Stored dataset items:

##########

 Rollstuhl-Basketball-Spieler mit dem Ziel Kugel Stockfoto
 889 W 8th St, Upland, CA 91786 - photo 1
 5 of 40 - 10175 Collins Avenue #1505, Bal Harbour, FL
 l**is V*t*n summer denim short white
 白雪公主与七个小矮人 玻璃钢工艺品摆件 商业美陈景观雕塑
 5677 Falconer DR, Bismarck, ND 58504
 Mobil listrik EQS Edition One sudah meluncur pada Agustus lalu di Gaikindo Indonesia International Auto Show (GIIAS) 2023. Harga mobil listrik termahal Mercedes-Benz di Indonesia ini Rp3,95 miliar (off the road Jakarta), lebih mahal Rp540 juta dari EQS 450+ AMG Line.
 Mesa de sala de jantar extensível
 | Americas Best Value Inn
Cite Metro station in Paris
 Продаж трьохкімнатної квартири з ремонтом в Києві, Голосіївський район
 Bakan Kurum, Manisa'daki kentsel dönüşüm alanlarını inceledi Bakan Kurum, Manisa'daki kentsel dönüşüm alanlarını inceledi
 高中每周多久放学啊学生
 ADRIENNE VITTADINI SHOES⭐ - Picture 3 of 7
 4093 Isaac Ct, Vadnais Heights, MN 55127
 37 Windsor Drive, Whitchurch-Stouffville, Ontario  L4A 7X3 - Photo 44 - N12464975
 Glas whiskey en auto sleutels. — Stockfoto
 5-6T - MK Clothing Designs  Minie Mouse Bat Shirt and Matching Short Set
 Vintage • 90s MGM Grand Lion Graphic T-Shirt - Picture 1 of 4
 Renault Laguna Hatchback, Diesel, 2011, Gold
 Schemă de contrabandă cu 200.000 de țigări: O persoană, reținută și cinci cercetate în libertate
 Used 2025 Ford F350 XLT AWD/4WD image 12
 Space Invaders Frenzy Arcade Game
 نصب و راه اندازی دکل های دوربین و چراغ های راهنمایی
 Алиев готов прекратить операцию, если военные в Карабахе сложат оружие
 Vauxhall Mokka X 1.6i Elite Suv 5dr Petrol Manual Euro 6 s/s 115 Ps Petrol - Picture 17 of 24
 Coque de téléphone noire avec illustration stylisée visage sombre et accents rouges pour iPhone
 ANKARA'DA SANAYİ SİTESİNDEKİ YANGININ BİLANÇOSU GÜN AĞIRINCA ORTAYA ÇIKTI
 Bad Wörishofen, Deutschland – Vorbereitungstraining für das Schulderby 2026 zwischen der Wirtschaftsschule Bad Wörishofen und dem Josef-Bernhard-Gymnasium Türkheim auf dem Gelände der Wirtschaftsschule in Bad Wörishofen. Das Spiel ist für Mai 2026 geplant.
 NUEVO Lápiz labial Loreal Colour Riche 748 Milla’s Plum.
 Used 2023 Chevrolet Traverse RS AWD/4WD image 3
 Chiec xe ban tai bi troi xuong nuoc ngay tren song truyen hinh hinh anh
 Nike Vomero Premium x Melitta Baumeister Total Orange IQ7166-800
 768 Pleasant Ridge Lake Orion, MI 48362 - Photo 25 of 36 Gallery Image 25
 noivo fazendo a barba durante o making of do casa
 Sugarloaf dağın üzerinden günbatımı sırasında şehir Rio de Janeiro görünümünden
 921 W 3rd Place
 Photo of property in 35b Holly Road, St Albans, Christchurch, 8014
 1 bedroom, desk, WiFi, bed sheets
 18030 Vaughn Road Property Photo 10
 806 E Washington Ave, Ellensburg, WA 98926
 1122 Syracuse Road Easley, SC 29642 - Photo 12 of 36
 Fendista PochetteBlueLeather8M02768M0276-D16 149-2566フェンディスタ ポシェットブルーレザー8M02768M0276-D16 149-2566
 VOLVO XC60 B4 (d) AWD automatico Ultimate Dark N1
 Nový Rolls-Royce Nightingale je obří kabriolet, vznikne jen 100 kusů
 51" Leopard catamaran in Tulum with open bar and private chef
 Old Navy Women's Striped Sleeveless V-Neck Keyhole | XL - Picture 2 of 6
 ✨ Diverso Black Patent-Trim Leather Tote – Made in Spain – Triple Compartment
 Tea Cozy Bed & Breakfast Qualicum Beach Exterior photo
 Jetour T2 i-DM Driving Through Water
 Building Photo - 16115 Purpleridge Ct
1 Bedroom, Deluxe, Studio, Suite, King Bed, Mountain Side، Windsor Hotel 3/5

##########

* _Exercise_:
Take the records above and return, word for word, only the lines that fall from the line with "Mobil listrik EQS" to the line with "921 W 3rd Place", both of them included.

* _Answer for the task_:
 Mobil listrik EQS Edition One sudah meluncur pada Agustus lalu di Gaikindo Indonesia International Auto Show (GIIAS) 2023. Harga mobil listrik termahal Mercedes-Benz di Indonesia ini Rp3,95 miliar (off the road Jakarta), lebih mahal Rp540 juta dari EQS 450+ AMG Line.
 Mesa de sala de jantar extensível
 | Americas Best Value Inn
Cite Metro station in Paris
 Продаж трьохкімнатної квартири з ремонтом в Києві, Голосіївський район
 Bakan Kurum, Manisa'daki kentsel dönüşüm alanlarını inceledi Bakan Kurum, Manisa'daki kentsel dönüşüm alanlarını inceledi
 高中每周多久放学啊学生
 ADRIENNE VITTADINI SHOES⭐ - Picture 3 of 7
 4093 Isaac Ct, Vadnais Heights, MN 55127
 37 Windsor Drive, Whitchurch-Stouffville, Ontario  L4A 7X3 - Photo 44 - N12464975
 Glas whiskey en auto sleutels. — Stockfoto
 5-6T - MK Clothing Designs  Minie Mouse Bat Shirt and Matching Short Set
 Vintage • 90s MGM Grand Lion Graphic T-Shirt - Picture 1 of 4
 Renault Laguna Hatchback, Diesel, 2011, Gold
 Schemă de contrabandă cu 200.000 de țigări: O persoană, reținută și cinci cercetate în libertate
 Used 2025 Ford F350 XLT AWD/4WD image 12
 Space Invaders Frenzy Arcade Game
 نصب و راه اندازی دکل های دوربین و چراغ های راهنمایی
 Алиев готов прекратить операцию, если военные в Карабахе сложат оружие
 Vauxhall Mokka X 1.6i Elite Suv 5dr Petrol Manual Euro 6 s/s 115 Ps Petrol - Picture 17 of 24
 Coque de téléphone noire avec illustration stylisée visage sombre et accents rouges pour iPhone
 ANKARA'DA SANAYİ SİTESİNDEKİ YANGININ BİLANÇOSU GÜN AĞIRINCA ORTAYA ÇIKTI
 Bad Wörishofen, Deutschland – Vorbereitungstraining für das Schulderby 2026 zwischen der Wirtschaftsschule Bad Wörishofen und dem Josef-Bernhard-Gymnasium Türkheim auf dem Gelände der Wirtschaftsschule in Bad Wörishofen. Das Spiel ist für Mai 2026 geplant.
 NUEVO Lápiz labial Loreal Colour Riche 748 Milla’s Plum.
 Used 2023 Chevrolet Traverse RS AWD/4WD image 3
 Chiec xe ban tai bi troi xuong nuoc ngay tren song truyen hinh hinh anh
 Nike Vomero Premium x Melitta Baumeister Total Orange IQ7166-800
 768 Pleasant Ridge Lake Orion, MI 48362 - Photo 25 of 36 Gallery Image 25
 noivo fazendo a barba durante o making of do casa
 Sugarloaf dağın üzerinden günbatımı sırasında şehir Rio de Janeiro görünümünden
 921 W 3rd Place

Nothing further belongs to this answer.